But understanding is just one part of the learning process, isn't it? I assume everybody has had this feeling: the professor explains maths on the blackboard, and the student follows. The students "understands" all the steps: they make sense, they don't feel like asking a question right now. Then the professor gives them an exercise slightly different and asks to do the same, and the students are completely lost.

Learning is a loop: you need to accept it, get it in your memory (learn stuff by heart, be it just the vocabulary to express the concepts), understand it, then try to do it yourself. Realise that you missed many things in the process, and start at the beginning: learn new things by heart, understand more, try it again.

  • That loop is still there. They have to get the AI to write the right code.

    And beyond that, do they really need to understand how it works? I never learned how to calculate logarithms by hand, but I know what they are for and I know when to punch the button on the calculator.

    I'll never be a top tier mathematician, but that's not my goal. My goal is to calculate things that require logs.

    If they can get the AI to make working code and explain why it works, do they need to know more than that, unless they want to be top in their field?

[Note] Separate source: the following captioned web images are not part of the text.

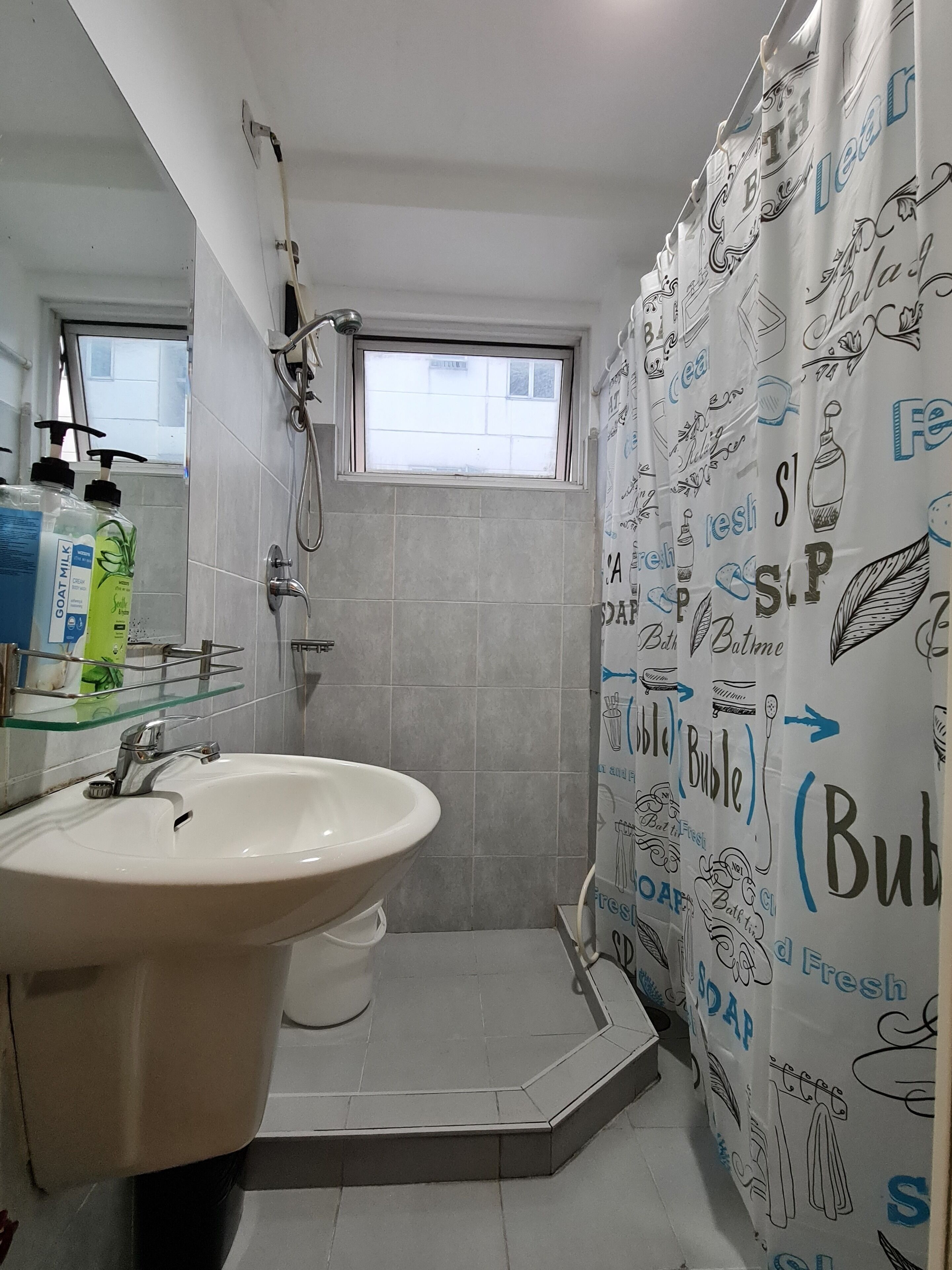 Sea Residences - Condo R Us 3*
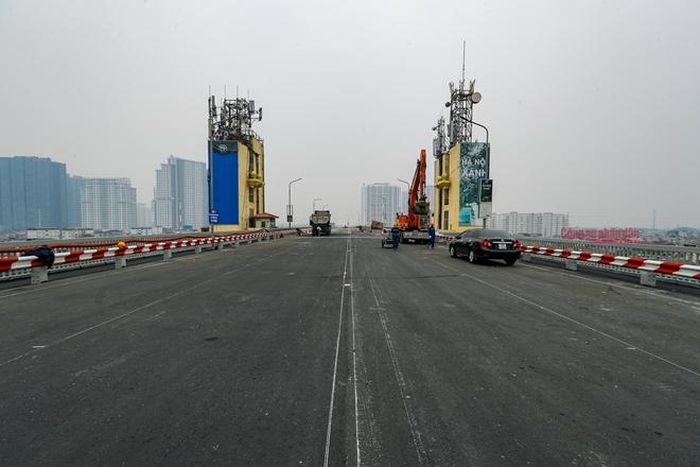  Cầu Thăng Long đã 2 lần được sửa chữa vào năm 2009 và 2013, đoạn cầu vượt sông dài 1.680m gồm 15 nhịp giàn thép gồm hai tầng đường sắt và đường bộ. 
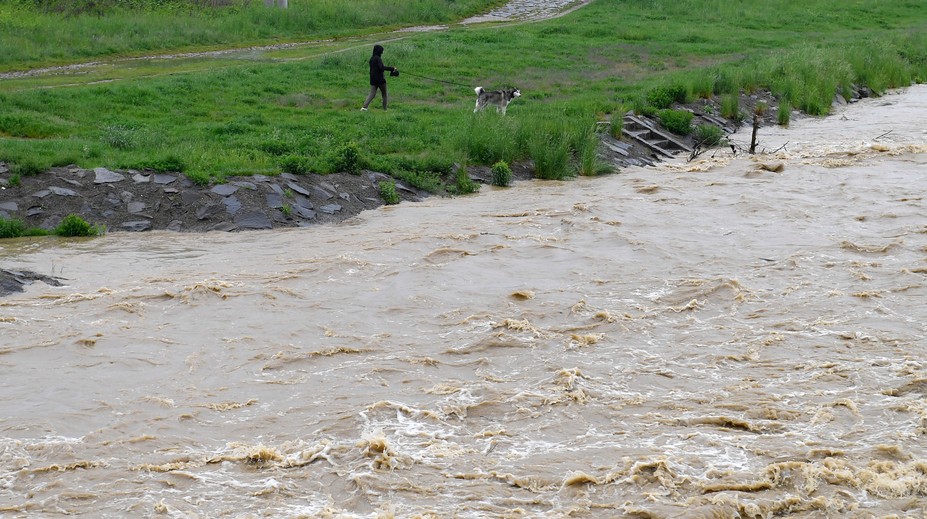 Pobaltské štáty postihli silné búrky, o život prišla jedna žena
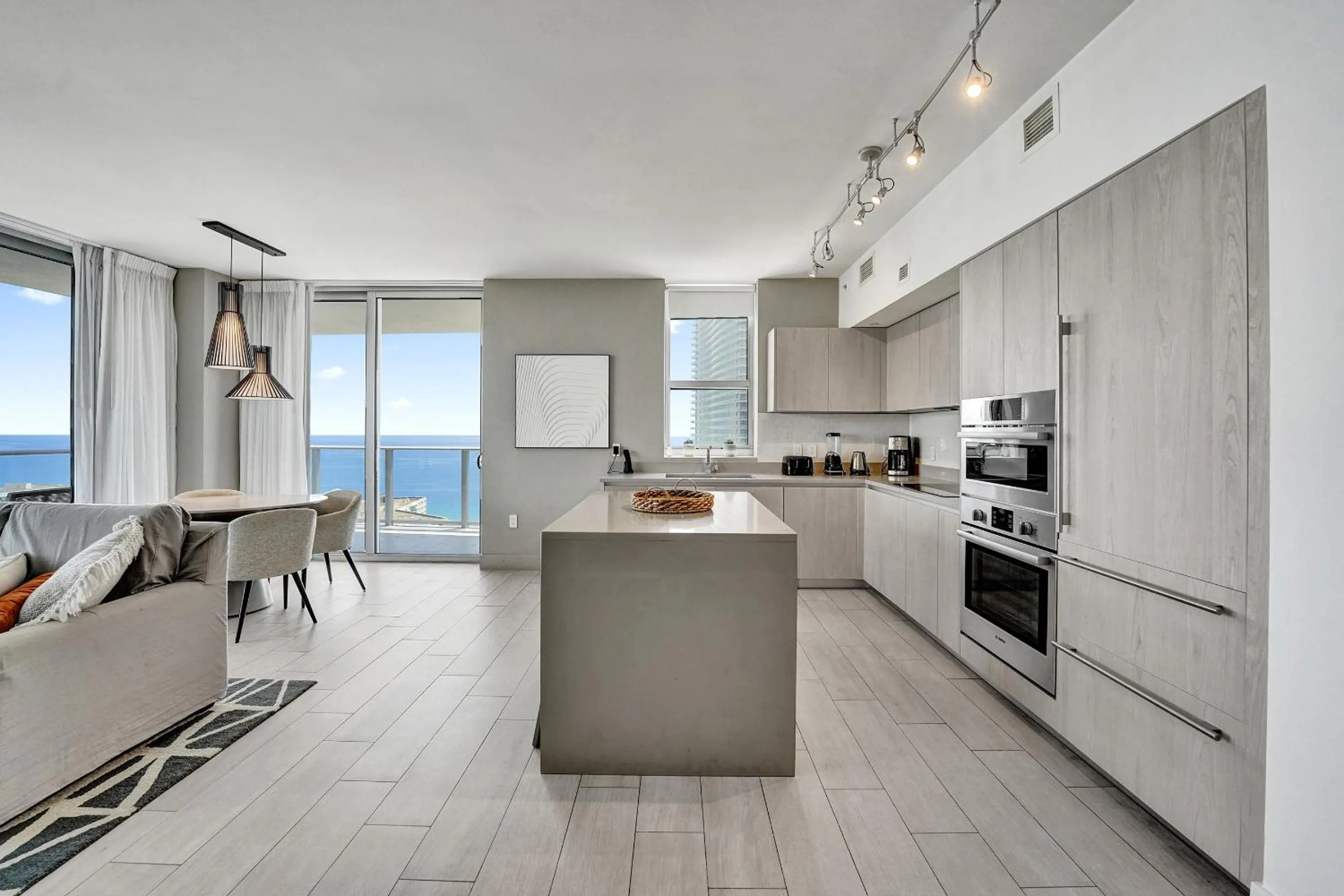 Amazing Apartments At H Beach House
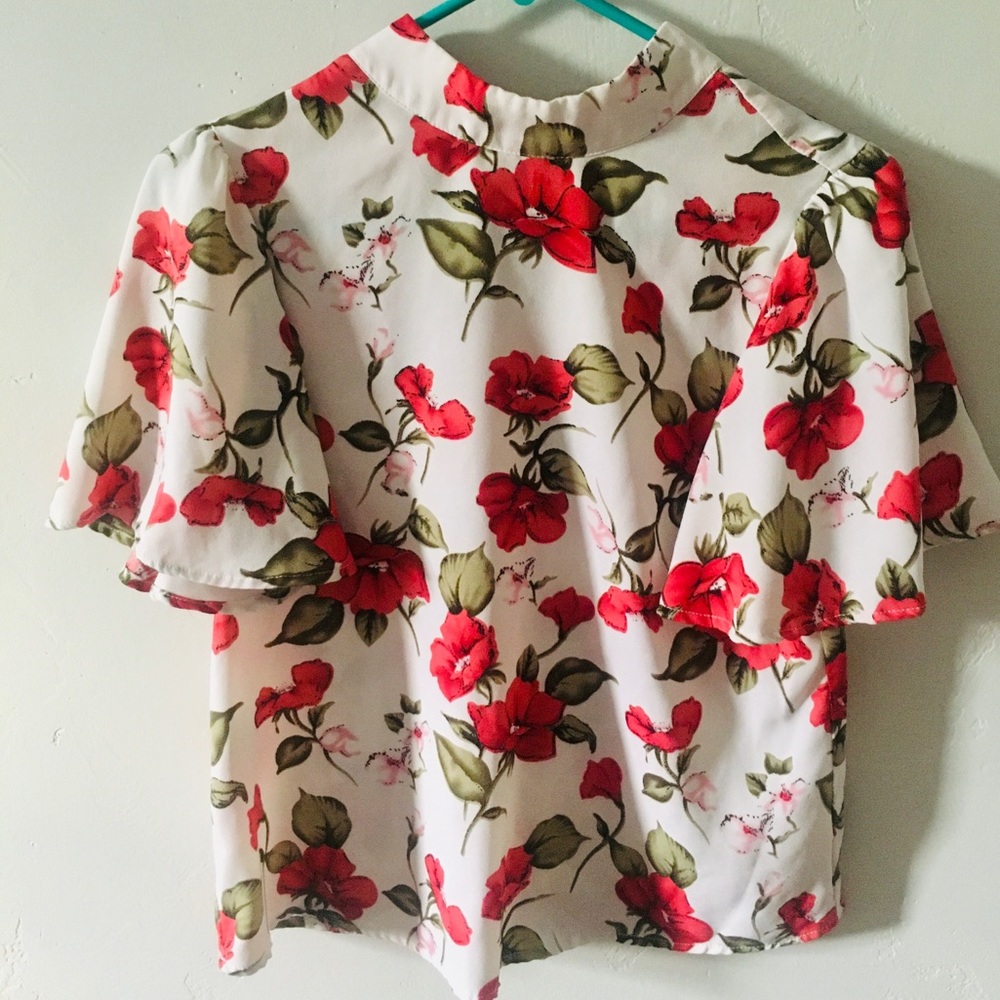 Lightweight white blouse with poppies, XS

    • > If they can get the AI to make working code and explain why it works, do they need to know more than that, unless they want to be top in their field?

      Making working code is the easy part. Making maintainable code is a completely different story.

      And again, being able to explain why something works requires superficial knowledge. This is precisely why bugs pass through code reviews: it's hard to spot a bug by reading code that looks like it should work.